In February 2009, the
Authority’s Trustees authorized the execution of the MOU and approved the first
temporary asset transfer in the amount of $215 million to be made by March 27,
2009, which transfer has occurred. The
Trustees also authorized the second temporary asset transfer of $103 million to
be made within 180 days of the enactment of the 2009-2010 State Budget and
approved the payment of the additional voluntary contribution of $107 million
by March 31, 2010, with the condition that the payment of these latter two
amounts will require Trustee reaffirmation prior to the actual transfer and
contribution in order to consider if the release of such funds remains
“feasible and advisable” and in conformance with the requirements of the
Authority’s Bond Resolution. The $103
million amount was reaffirmed by the Trustees, and transferred to the State in
September 2009.
For the 2010-2013 financial
plan, the Authority is presuming that continuation of service to the Market
Supply Power business customers will remain a New York State priority. Forecasted voluntary subsidies and payments to
the Market Supply Power Customers and the State’s general fund are subject to
the strictures and caveats of the preceding paragraph. Also, the modeling of
such contributions should not be read to mean that the Authority believes such
continuing subsidies are an appropriate way of promoting economic development
in New York State.
Pursuant to legislation
enacted into law in April 2006, the Temporary Commission on the Future of New
York State Programs for Economic Development (“Temporary Commission”) was
established. On December 1, 2006, the
Temporary Commission reported their findings on how to best meet the energy
cost needs of statewide businesses. Among the Temporary Commission’s
recommendations include the centralization of the administration of the State’s
power programs; that the proceeds of certain unallocated hydroelectric power of
the Authority be dedicated to economic development; that the duration of
certain types of power allocation contracts be lengthened; that the Authority
facilitate the expansion of the State’s power infrastructure by continuing to
enter into long term contracts with power producers for the construction of new
generation and/or transmission facilities; the creation of stable funding
sources for the State’s power programs, potentially including the State
Treasury and dedicated funding from the Authority subject to the Authority’s
bond covenants and reserve requirements; the expansion of geographic
restrictions of certain Authority hydroelectric industrial programs; and the redeployment of hydroelectric power
provided by the Authority to the “rural and domestic” (i.e., residential)
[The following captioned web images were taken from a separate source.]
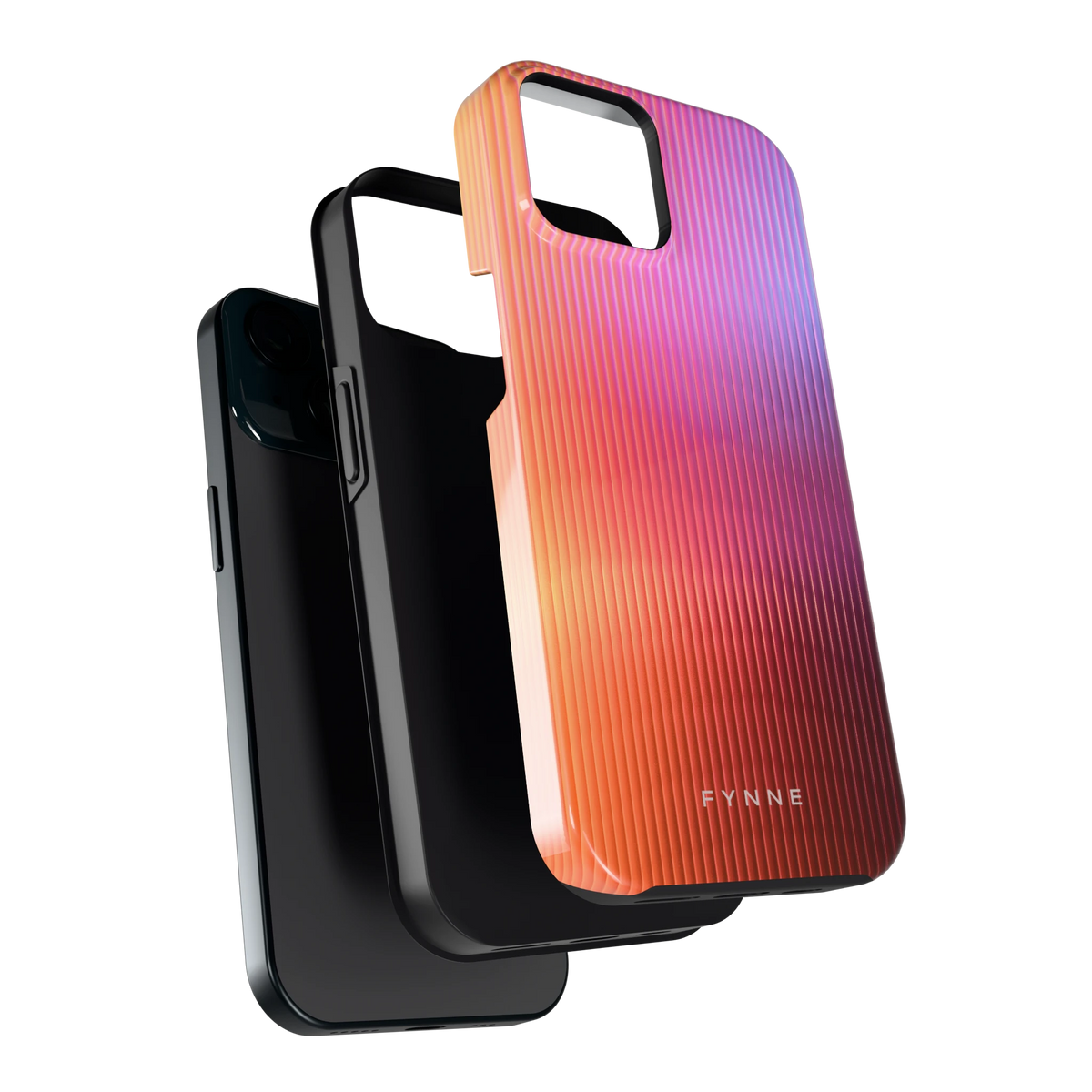 Geribbeld Gloed hoesje voor iPhone 15, los van de telefoon
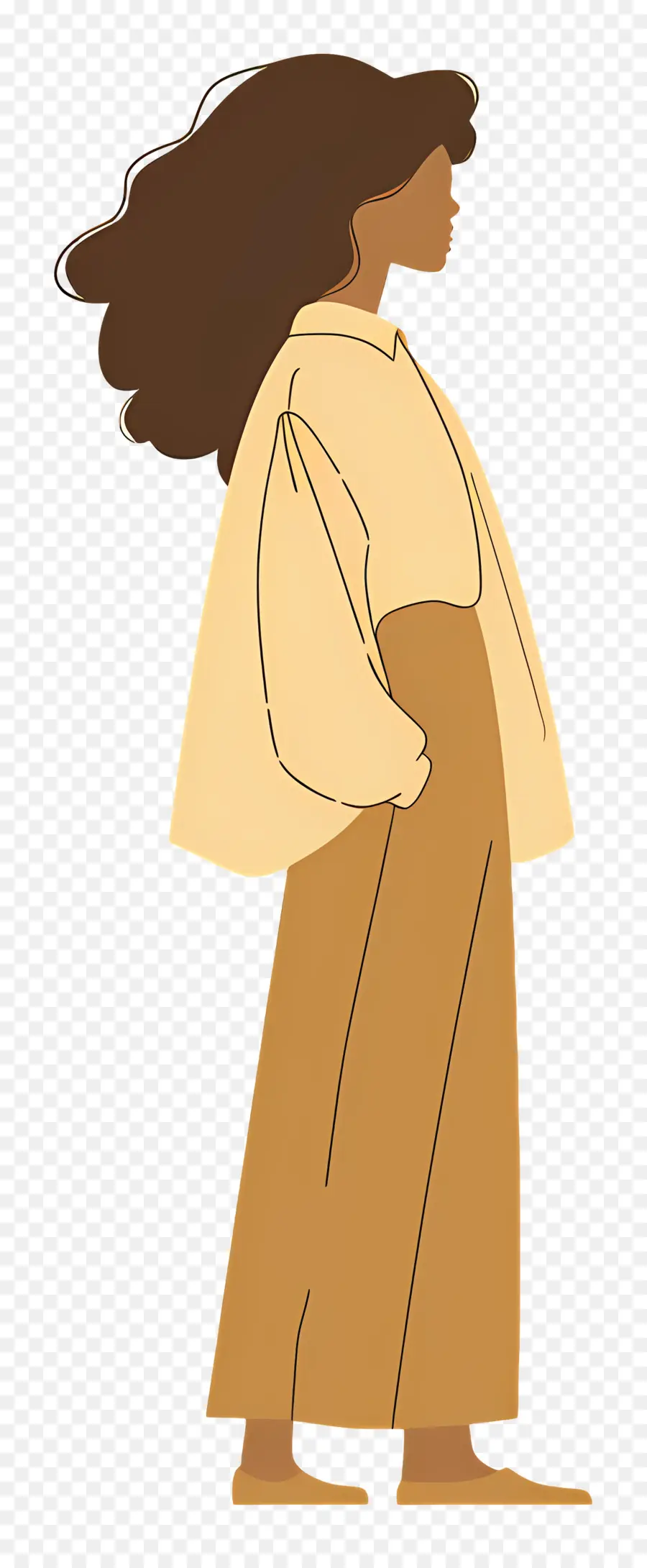 Femme En Beige，Femme élégante PNG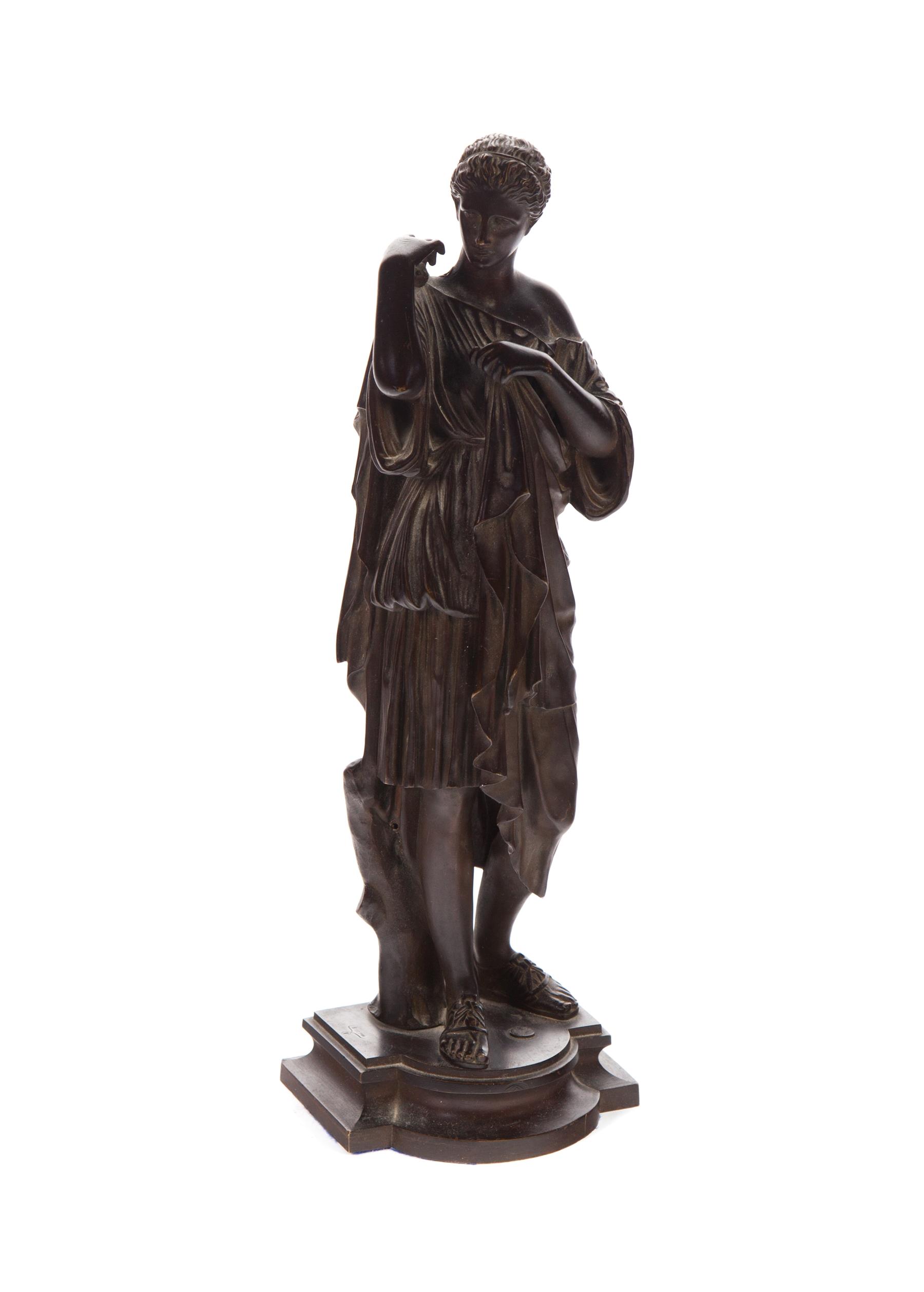 Appraisal: BRONZE CLASSICAL FIGURE WITH THE SUSSE F'RES FOUNDRY MARK ON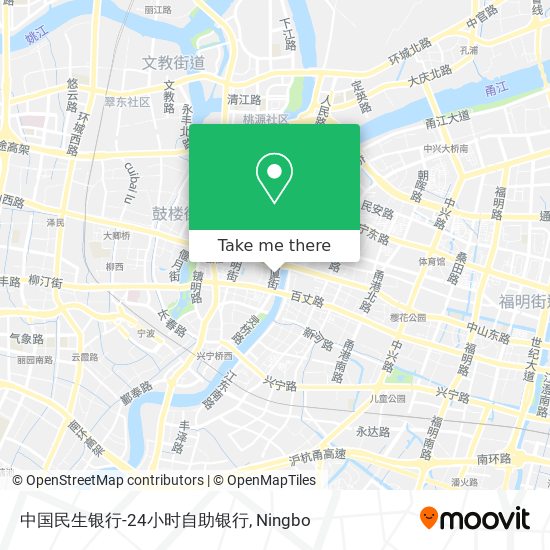 中国民生银行-24小时自助银行 map
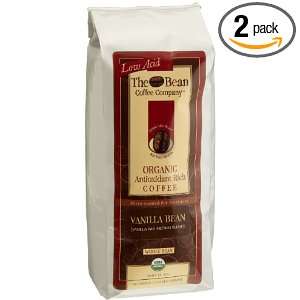 The Bean Coffee Company Vanilla Nut, Organic Whole Bean, 12 Ounce Bags 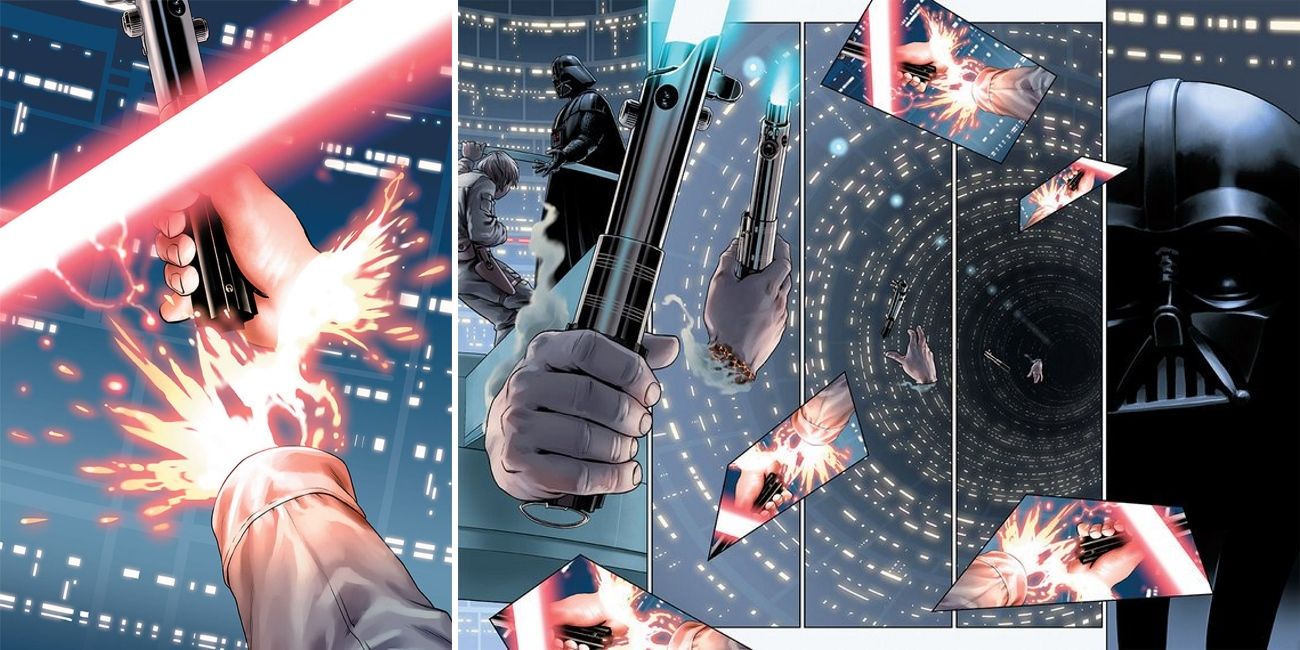 Star Wars Darth Vader Luke Hand Comic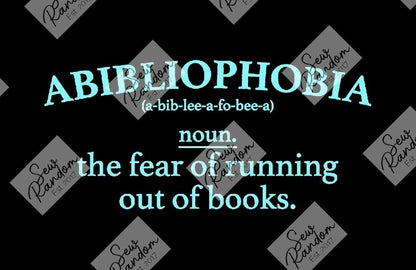 ABIBLIOPHOBIA T SHIRT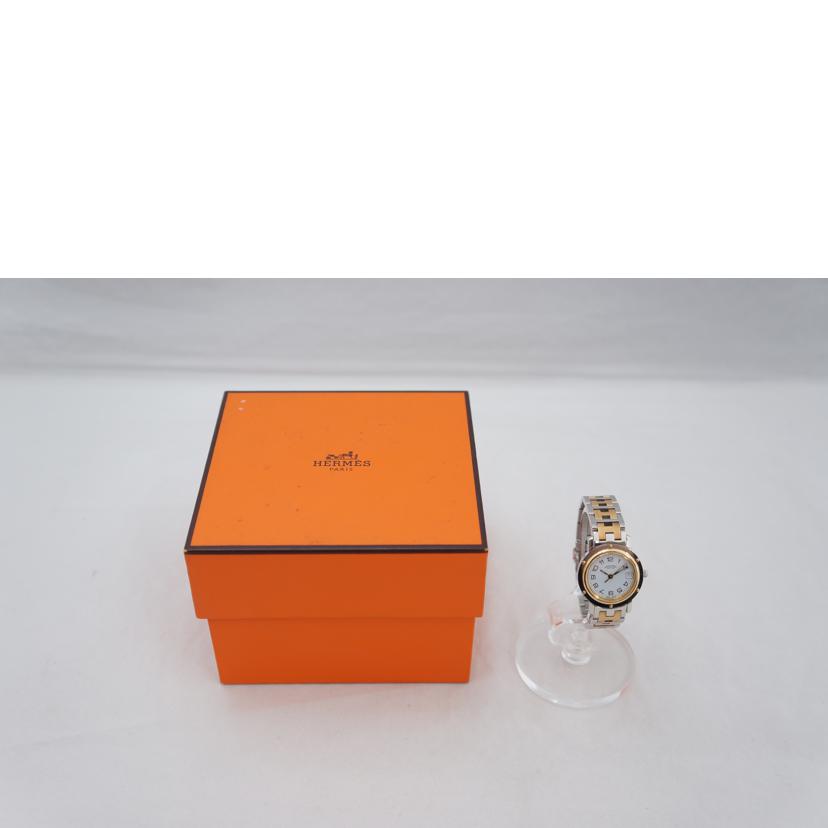 HERMES エルメス/クリッパー/GP×SS/QZ/CL4.220//1365371/ABランク/67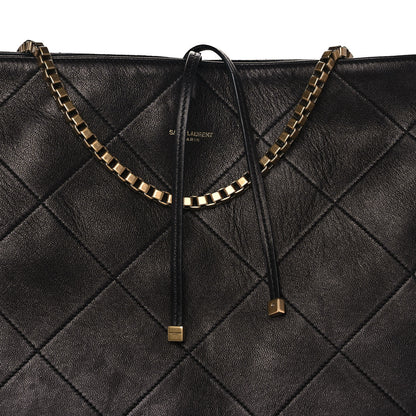 Saint Laurent Calfskin Medium Suzanne Hobo Black 7 of 7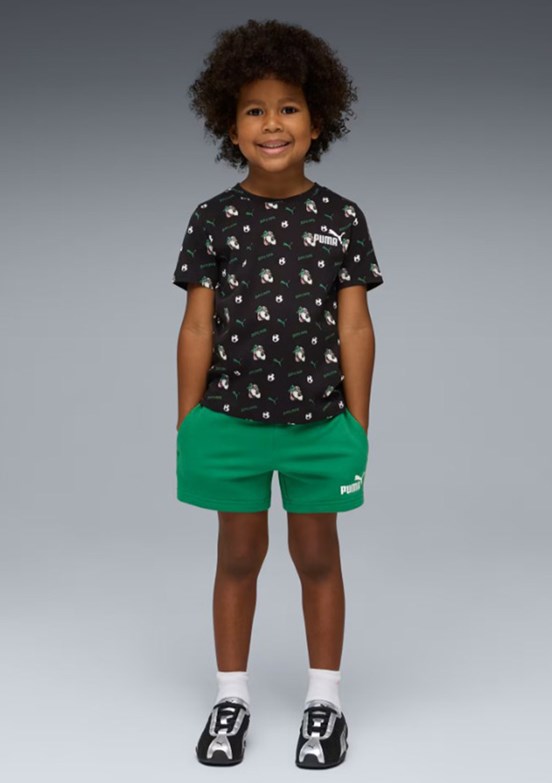 PUMA Super Siyah Unisex Çocuk Eşofman Takımı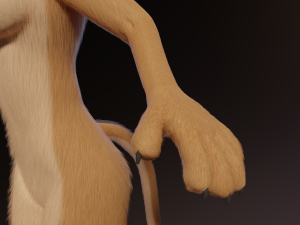 Nicole Anthro Lioness 3D Model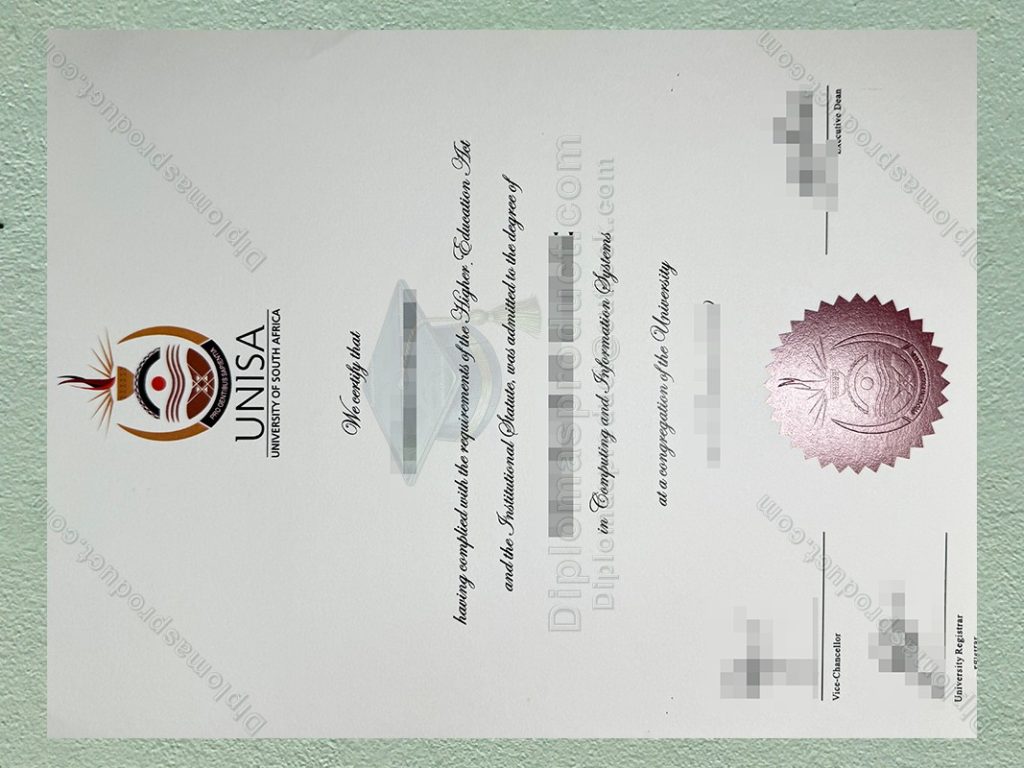 University of South Africa Diploma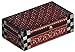 SouvNear Decorative Wood Box - Handmade Treasure Chest - Red Premium Quality and Cone Painting Art Trinket Keepsake Decorative Jewelry Box from India - Gifts for Her
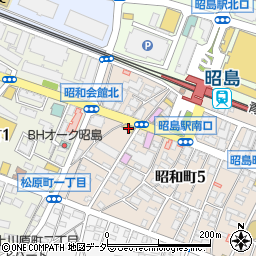 すき家昭島駅南店周辺の地図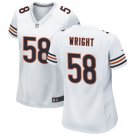 women's Activewear Football Uniform #58 Darnell Wright Jerseys White Player Game Limited Lady Shirt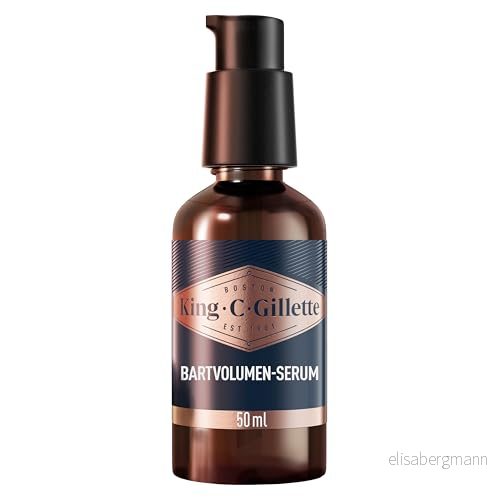 King C. Gillette Skäggvolym Serum för män, fylligare och tätare skägg på 14 dagar, med den karakteristiska doften av Gillette, 50 ml 8006540470374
customers of National Grid, New York State Electric & Gas and Rochester Gas
& Electric for statewide economic development purposes. It is unclear at this point which, if any,
of the Temporary Commission’s recommendations will be enacted into law and how
they would affect NYPA’s estimated net income for the financial plan period.
Section 1011 of the Power
Authority Act (“Act”) constitutes a pledge of the State to holders of Authority
obligations not to limit or alter the rights vested in the Authority by the Act
until such obligations together with the interest thereon are fully met and
discharged or unless adequate provision is made by law for the protection of
the holders thereof. Several bills have been introduced into the State
Legislature, some of which propose to limit or restrict the powers, rights and
exemption from regulation which the Authority currently possesses under the Act
and other applicable law or otherwise would affect the Authority's financial
condition or its ability to conduct its business, activities, or operations, in
the manner presently conducted or contemplated by the Authority. It is not possible to predict whether any of
such bills or other bills of a similar type which may be introduced in the
future will be enacted. In addition,
from time to time, legislation is enacted into New York law which purports to
impose financial and other obligations on the Authority, either individually or
along with other public authorities or governmental entities. The applicability of such provisions to the
Authority would depend upon, among other things, the nature of the obligations
imposed and the applicability of the pledge of the State set forth in Section
1011 of the Act to such provisions.
There can be no assurance that the Authority will be immune from the
financial obligations imposed by any such provision.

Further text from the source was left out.